# Joint distribution of sums of exponential random variables

math
Author

Stefan Eng

Published

May 17, 2020

This is a problem from Ross’s Stochastic Processes [1]. Let \begin{aligned} S_1 &= X_1\\ S_2 &= X_1 + X_2\\ S_3 &= X_1 + X_2 + X_3 \end{aligned} where $$X_1, X_2, X_3$$ are i.i.d exponential random variables with rate $$\lambda$$. Find the joint distribution of $$S_1, S_2, S_3$$.

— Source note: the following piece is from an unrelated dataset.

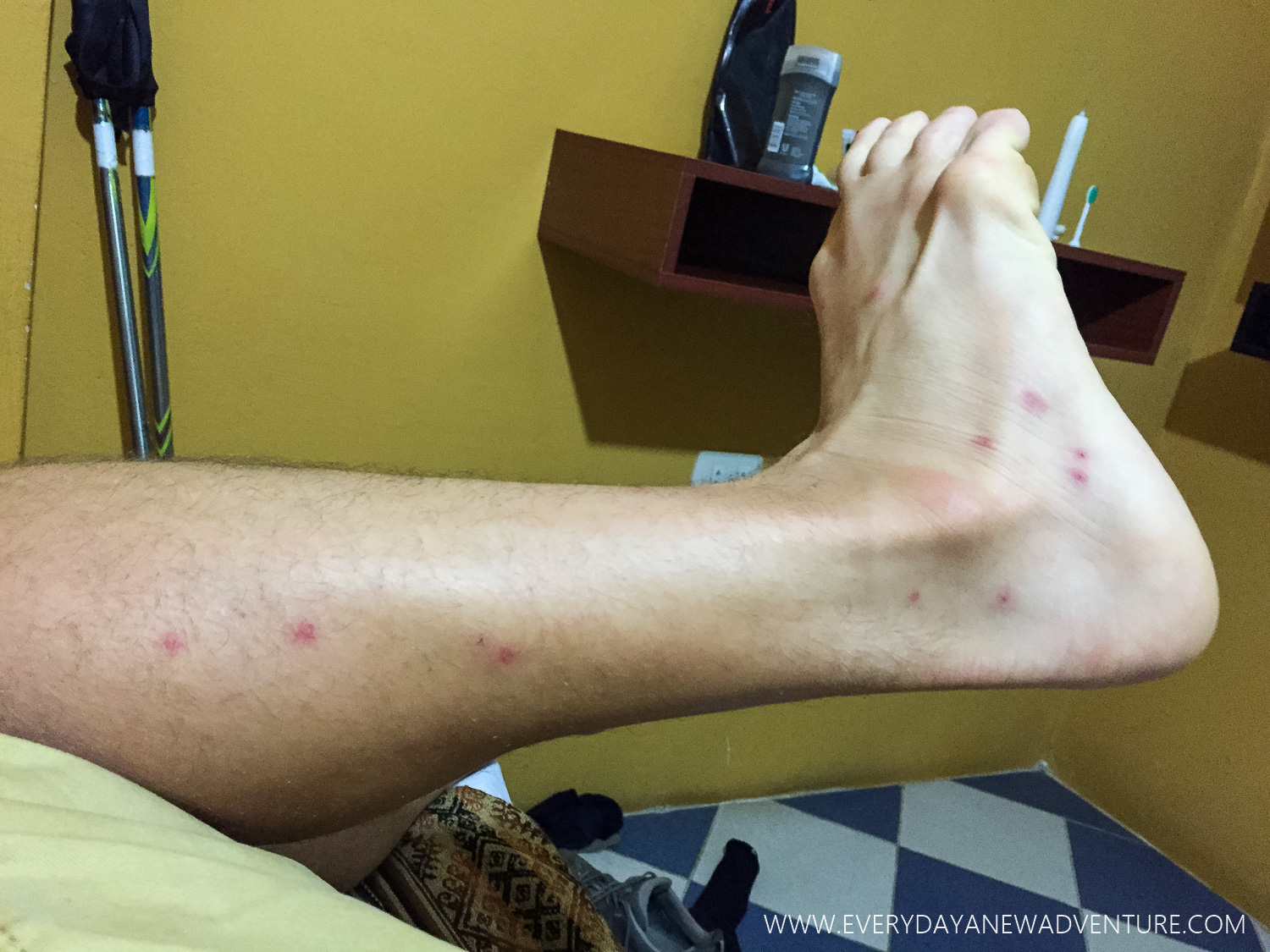 The mosquitos were ruthless!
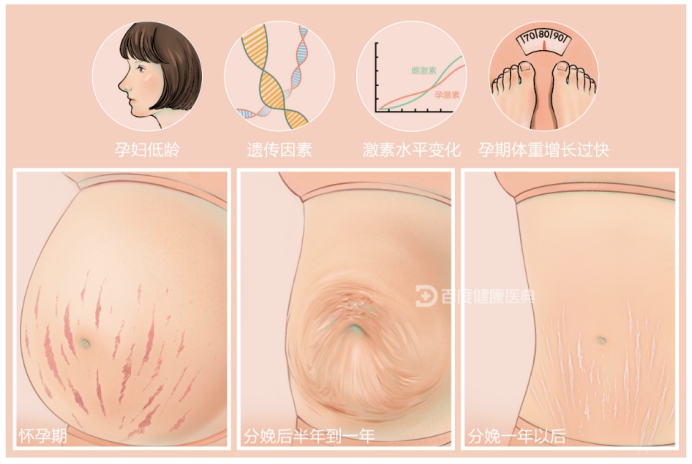 有妊娠纹不要怕一招教您轻松淡化,妊娠纹防不胜防你知道如何修复吗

Let $$f$$ be the PDF of each $$X_1, X_2, X_3$$ (since identically distributed). Since $$X_1, X_2, X_3$$ are independent the joint PDF is $f(x,y,z) = f(x) f(y) f(z) = \lambda^3 e^{-\lambda x} e^{-\lambda y} e^{-\lambda z}$ Then we can find the joint CDF of $$S_1, S_2, S_3$$ \begin{aligned} P(S_1 \leq t_1, S_2 \leq t_2, S_3 \leq t_3) &= \int_{0}^{t_1} \int_{0}^{t_2 - x} \int_{0}^{t_3 - x - y} f(x,y,z) ~dz~dy~dx\\ &= \int_{0}^{t_1} \int_{0}^{t_2 - x} \int_{0}^{t_3 - x - y} \lambda e^{-\lambda z} \lambda e^{-\lambda y} \lambda e^{-\lambda x}~dz~dy~dx\\ &= \int_{0}^{t_1} \lambda e^{-\lambda x} \int_{0}^{t_2 - x} (1 - e^{-\lambda (t_3 - x - y)}) \lambda e^{-\lambda y}~dy~dx\\ &= \int_{0}^{t_1} \lambda e^{-\lambda x} \left[\int_{0}^{t_2 - x} \lambda e^{-\lambda y}~dy - \int_{0}^{t_2 - x} e^{-\lambda (t_3 - x)}~dy\right]~dx\\ &= \int_{0}^{t_1} \lambda e^{-\lambda x} \left[(1 - e^{-\lambda (t_2 - x)}) - (t_2 - x) e^{-\lambda (t_3 - x)}\right]~dx\\ &= \int_{0}^{t_1} \lambda e^{-\lambda x} ~dx - \int_{0}^{t_1} \lambda e^{-\lambda t_2} ~dx - \int_{0}^{t_1} (t_2 - x) e^{-\lambda t_3}~dx\\ &= 1 - e^{-\lambda t_1} - \lambda t_1 e^{-\lambda t_2} - t_1 t_2 e^{-\lambda t_3} + \frac{1}{2} t_1^2 e^{-\lambda t_3} \end{aligned}

### Simulation

We can confirm these results with a simple simulation in R.

# Computed joint CDF
expect_joint <- function(t1, t2, t3, lambda = 1) {
1 - exp(- lambda * t1) - lambda * t1 * exp(-lambda * t2) -
t1 * t2 * exp(-lambda * t3) + 1/2 * t1^2 *exp(- lambda * t3)
}

# Simulate 1000 realizations of S1, S2, S3
sim <- function(t1, t2, t3, rate = 1, n = 1000) {
s1 <- rexp(n, rate)
s2 <- s1 + rexp(n, rate)
s3 <- s2 + rexp(n, rate)

mean(s1 <= t1 & s2 <= t2 & s3 <= t3)
}

# P(S1 <= 1, S2 <= 2, S3 <= 3) with lambda = 1
t1 <- 1
t2 <- 2
t3 <- 3
rate <- 1
# Replicate the simulation 1000 times
sim_res <- replicate(1000, sim(t1, t2, t3, rate))

cat("Simulated mean:", round(mean(sim_res), 3))
Simulated mean: 0.422
cat("Expected joint distribution:", round(expect_joint(t1, t2, t3, rate), 3))
Expected joint distribution: 0.422

`

## References

[1]
Ross, S.M. et al. 1996. Stochastic processes. Wiley New York.